Como un buen maestro, el Sumo Pontífice está para ayudarnos a comprender lo que Cristo nos ha manifestado acerca de la REALIDAD. Se esmerará en refinar con ingenio y aggiornamento el recurso didáctico; no la certeza de ciencia; y mucho menos aún: la cosa en sí, objeto de tal ciencia. Un Papa ni genera realidad ni genera tan siquiera la Sacra Doctrina (conformada por las Sagradas Escrituras y la Tradición). Lo suyo, su rol, su función, su servicio, es enseñarla. De modo ordinario (con margen de error) o de modo extraordinario (sin margen de error): enseñarla.
Recién entonces cabe habilitar el asunto tan en boga respecto a que los Papas, en el ejercicio de este rol, pueden acertar y pueden desacertar y cuáles son los límites de una y otra posibilidad. Pero eso viene después. Después de entender bien que ni la realidad ni la manifestación de esta realidad está en juego, sino la enseñanza de la manifestación de la realidad. 

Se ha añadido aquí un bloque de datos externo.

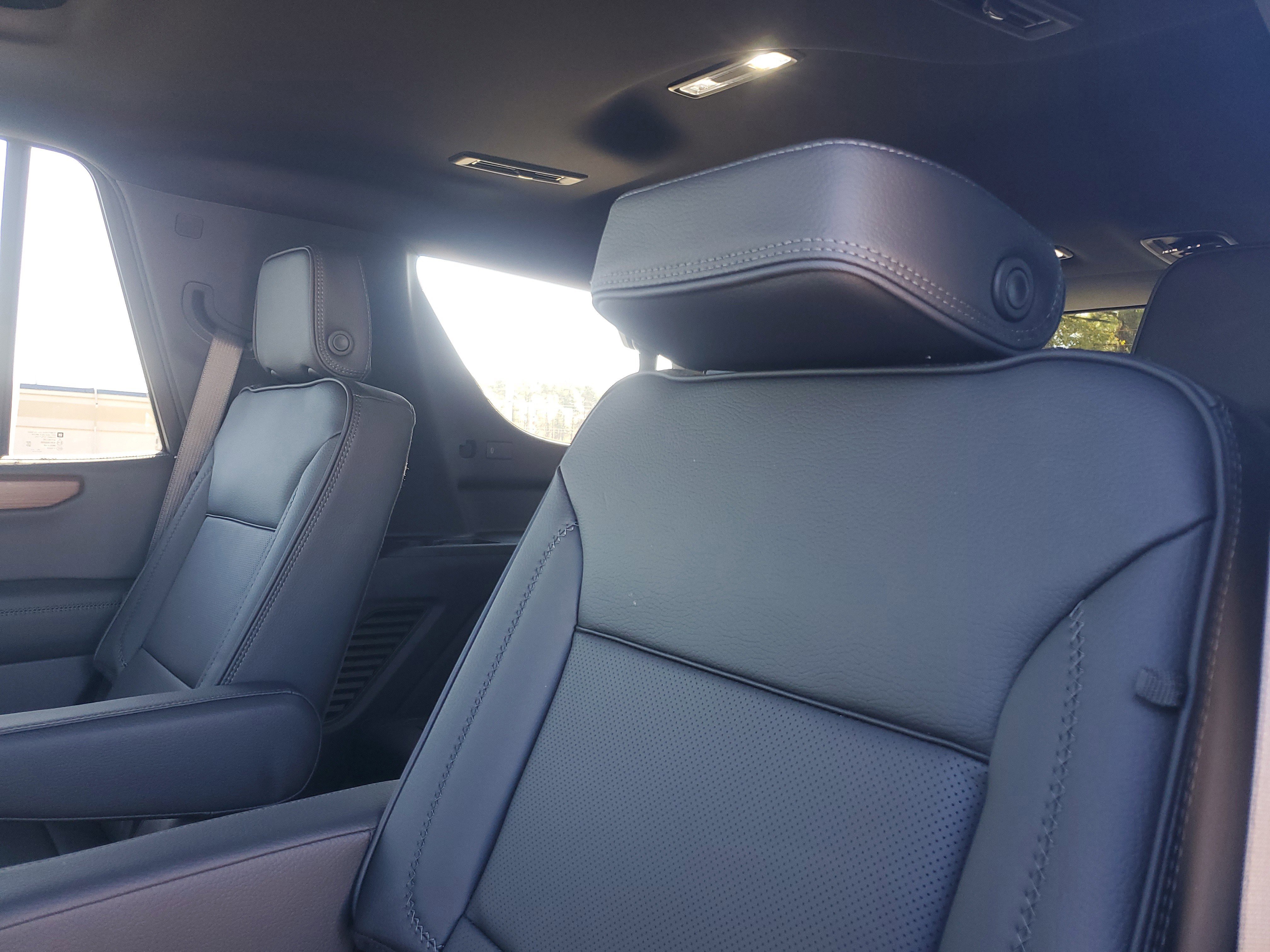 New 2026 GMC Yukon Denali w/ Sun & Power Step Package image 10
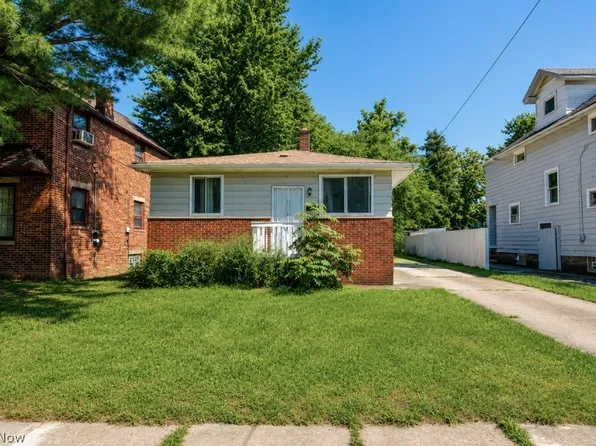 15811 Arcade Ave, Cleveland, OH 44110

Pero hay más (y en los tiempos actuales es mucho más que más lo que atañe a este más): hay que saber que un Papa no sólo no genera Realidad ni genera Revelación, limitando su ministerio a hacer el Magisterio de ambas. Sino que, además de su ministerio petrino con su rol magisterial, tiene una vida propia. Como el maestro rural tiene una vida y el catedrático de Oxford tiene una vida. Y el lustroso oxoniense tiene todo el derecho a opinar sobre el arbitraje del último partido del Tottenham Hotspur. Aunque a los viejos carcamanes del Consejo Académico les pareciera que el profesor no debería emitir opinión alguna fuera de lo estrictamente escolar. Lo mismo vale para el Sumo Pontífice: escandalizarse porque opine sobre San Lorenzo o sobre los osos panda en extinción no está bueno. Lo importante es saber diferenciar bien cuándo está siendo docente desde su cátedra y cuándo no. 

Recapitulando: 
PLANTA BAJA: está la realidad, creada e increada, ahí está. Y allí mismo ya está la norma moral que es idéntica a la realidad sin corrimiento alguno. 
PRIMER PISO: luego está su manifestación: autoelocuente en el caso de la realidad creada, se muestra a la razón natural; y como misterio en el caso de lo increado, se revela a la Fe, por la Escritura y la Tradición.  
SEGUNDO PISO: el aparato docente, que en variadísimos registros se ocupa de transmitir lo que el primer piso le refiere sobre la planta baja.
AZOTEA: nada, el cobertor del edificio; alude en esta parábola a todo aquello que el docente haga y diga por fuera de este específico rol de transmitir lo que el primer piso le refiere sobre la planta baja. 

Esto es un edificio, y es valioso como totalidad y en cada una de sus partes. Aunque, claro está, en el negocio inmobiliario, no todo vale lo mismo (ya lo dijo un griego: soy amigo de la azotea, pero más amigo de la planta baja). No obstante, insisto: cada espacio tiene su nobleza y valor. Lo realmente importante (y acuciante) es saber bien dónde uno está parado y no confundirse de lugar. Pues ha pasado —y por desgracia seguirá pasando—, que más de un distraído, caminando por la azotea, o el balcón del segundo piso, creyéndose al ras del suelo, fue víctima de un suicidio involuntario.